• [EXERCISE BRIEF]
Copy, please, the line with "I'm Andrew, a" and each line that follows it through the end of the data below, exactly as given and without pictures.

(Saved entries)

· · · ·

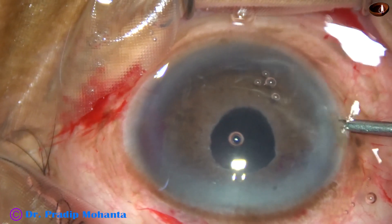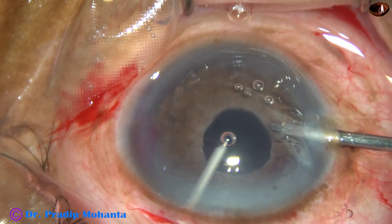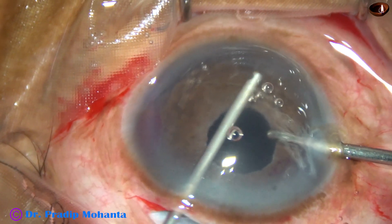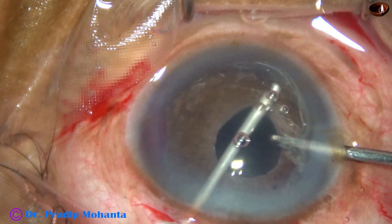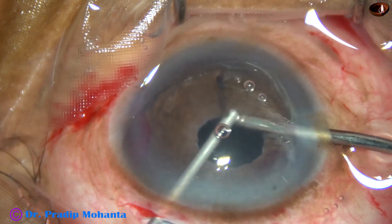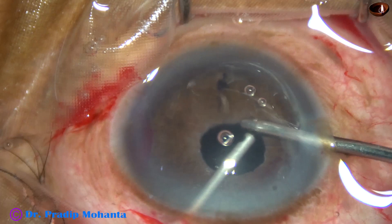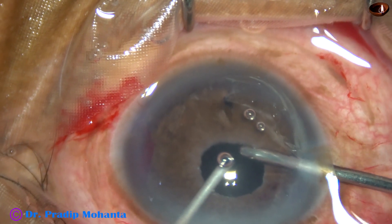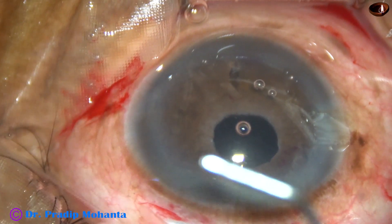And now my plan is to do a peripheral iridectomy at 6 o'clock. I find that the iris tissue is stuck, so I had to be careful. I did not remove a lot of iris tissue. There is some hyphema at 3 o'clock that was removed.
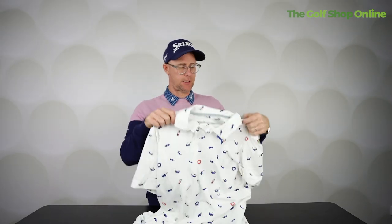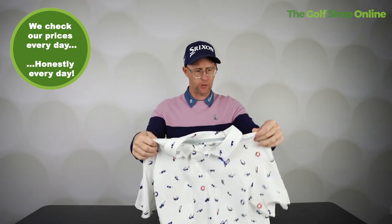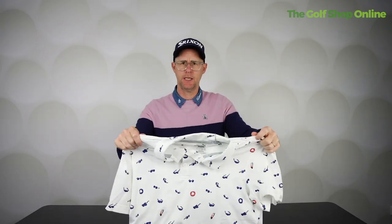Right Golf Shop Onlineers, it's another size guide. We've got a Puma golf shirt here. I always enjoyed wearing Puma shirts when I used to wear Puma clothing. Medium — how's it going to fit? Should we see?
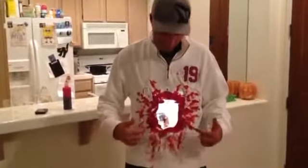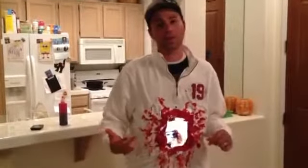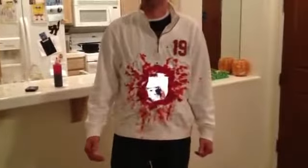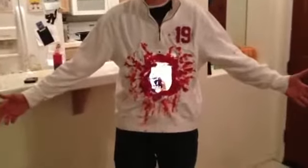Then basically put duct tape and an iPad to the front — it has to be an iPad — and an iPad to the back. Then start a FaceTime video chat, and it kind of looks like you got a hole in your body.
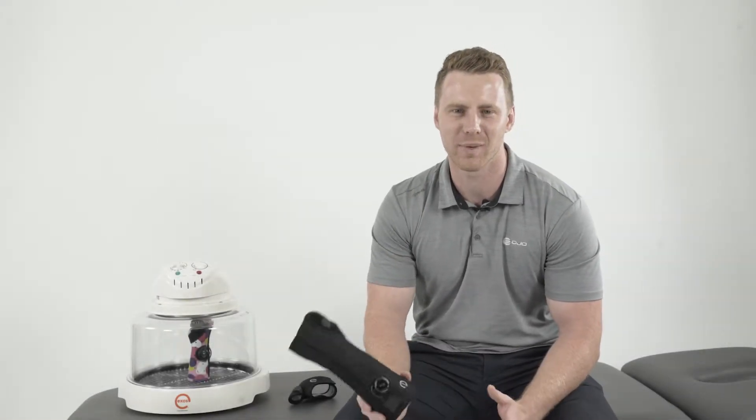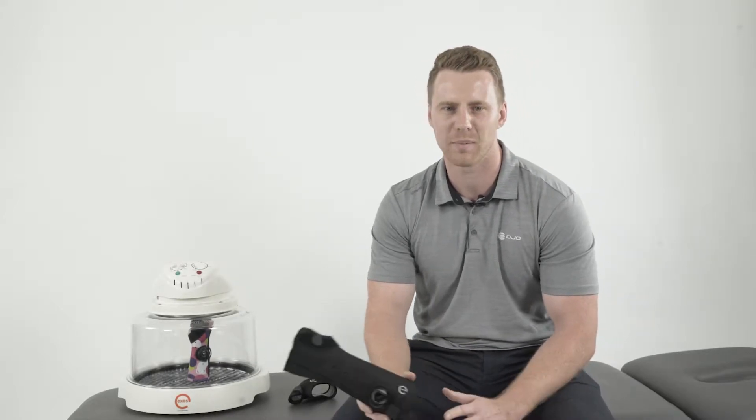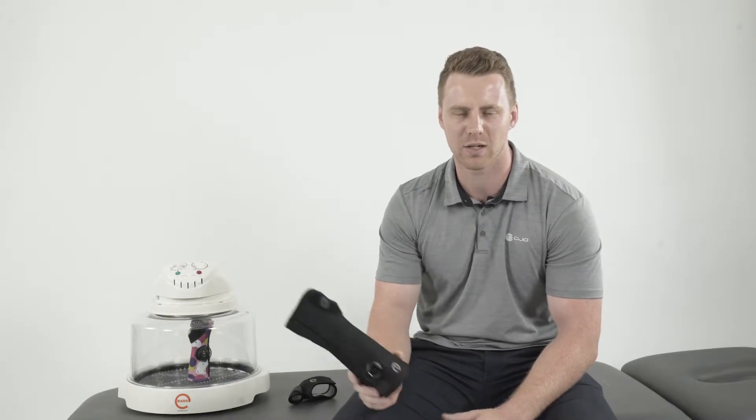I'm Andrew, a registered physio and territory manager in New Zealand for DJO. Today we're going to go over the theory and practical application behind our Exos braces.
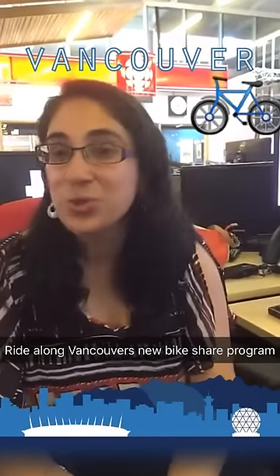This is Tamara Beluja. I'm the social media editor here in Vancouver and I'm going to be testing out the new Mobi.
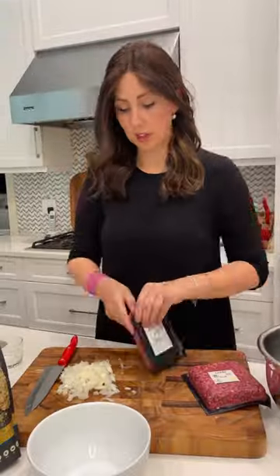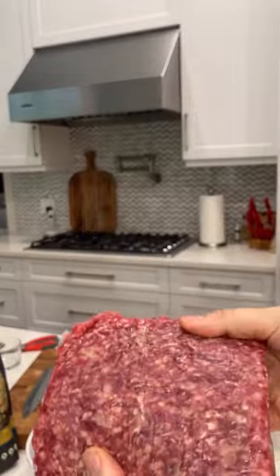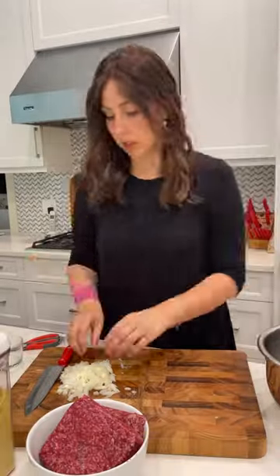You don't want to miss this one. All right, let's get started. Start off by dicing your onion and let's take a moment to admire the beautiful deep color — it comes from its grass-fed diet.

· · · ·

• [WORKED SOLUTION]
I'm Andrew, a registered physio and territory manager in New Zealand for DJO. Today we're going to go over the theory and practical application behind our Exos braces.
This is Tamara Beluja. I'm the social media editor here in Vancouver and I'm going to be testing out the new Mobi.
You don't want to miss this one. All right, let's get started. Start off by dicing your onion and let's take a moment to admire the beautiful deep color — it comes from its grass-fed diet.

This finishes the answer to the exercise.